Work instructions
Transcribe all the entries word for word, skipping the pictures.

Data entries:

────────────────

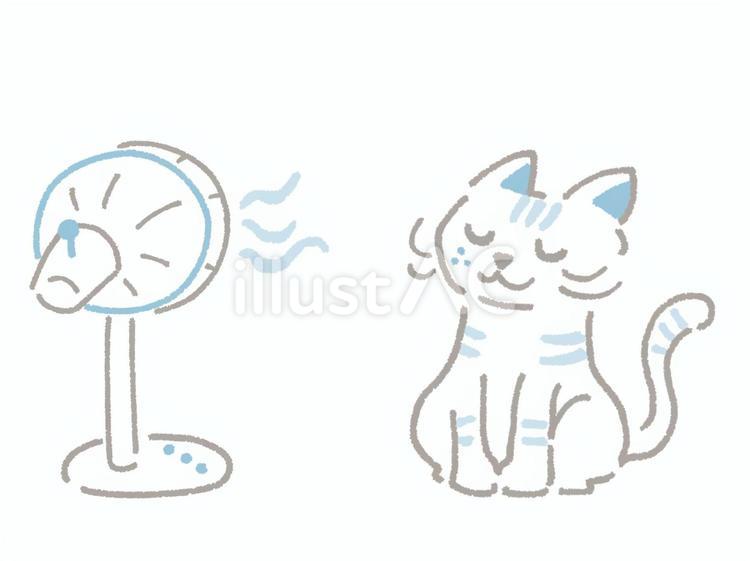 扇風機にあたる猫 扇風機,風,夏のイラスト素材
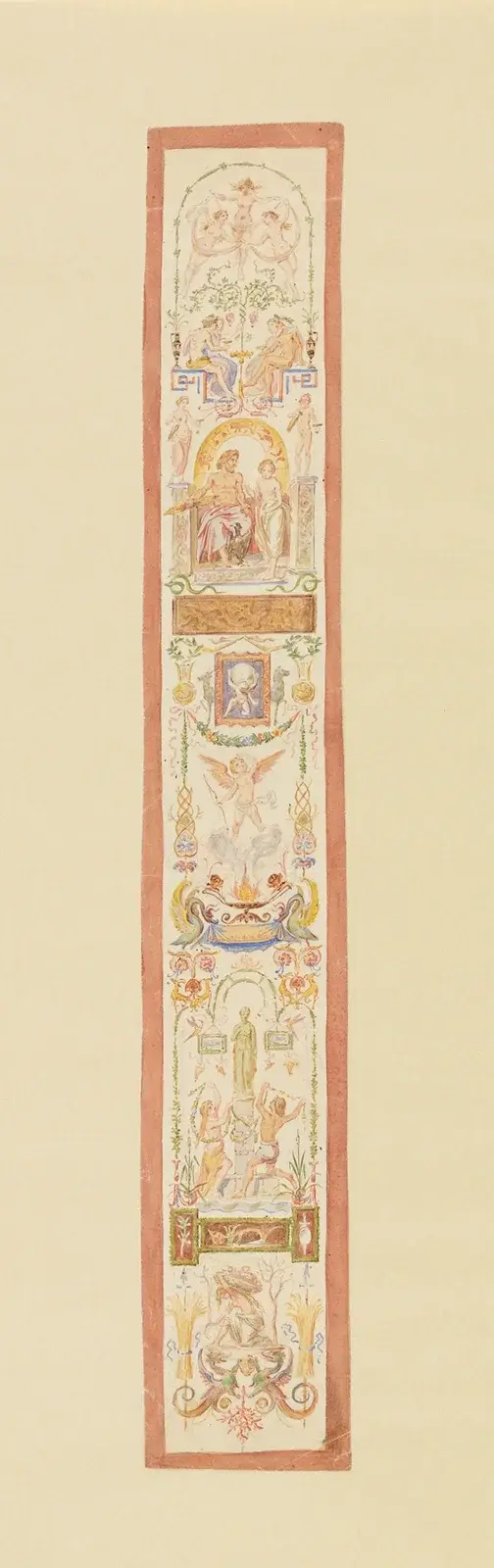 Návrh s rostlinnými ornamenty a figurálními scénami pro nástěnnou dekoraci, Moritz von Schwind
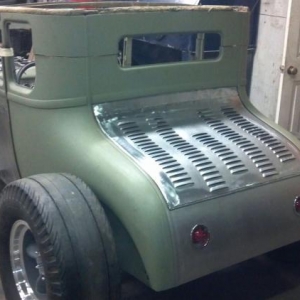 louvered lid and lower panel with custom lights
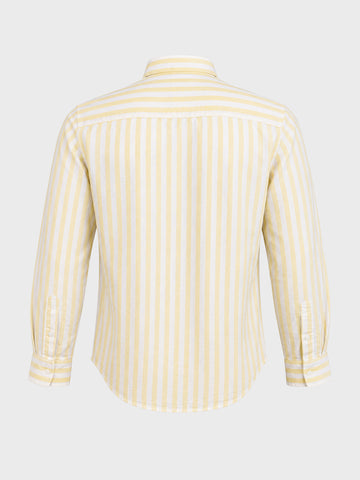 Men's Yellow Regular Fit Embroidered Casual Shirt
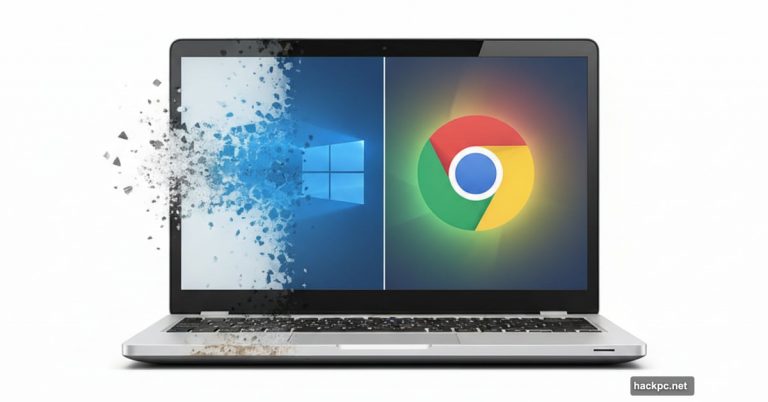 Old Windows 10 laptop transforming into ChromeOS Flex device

────────────────

Solution to the exercise
 扇風機にあたる猫 扇風機,風,夏のイラスト素材
 Návrh s rostlinnými ornamenty a figurálními scénami pro nástěnnou dekoraci, Moritz von Schwind
 louvered lid and lower panel with custom lights
 Men's Yellow Regular Fit Embroidered Casual Shirt
 Old Windows 10 laptop transforming into ChromeOS Flex device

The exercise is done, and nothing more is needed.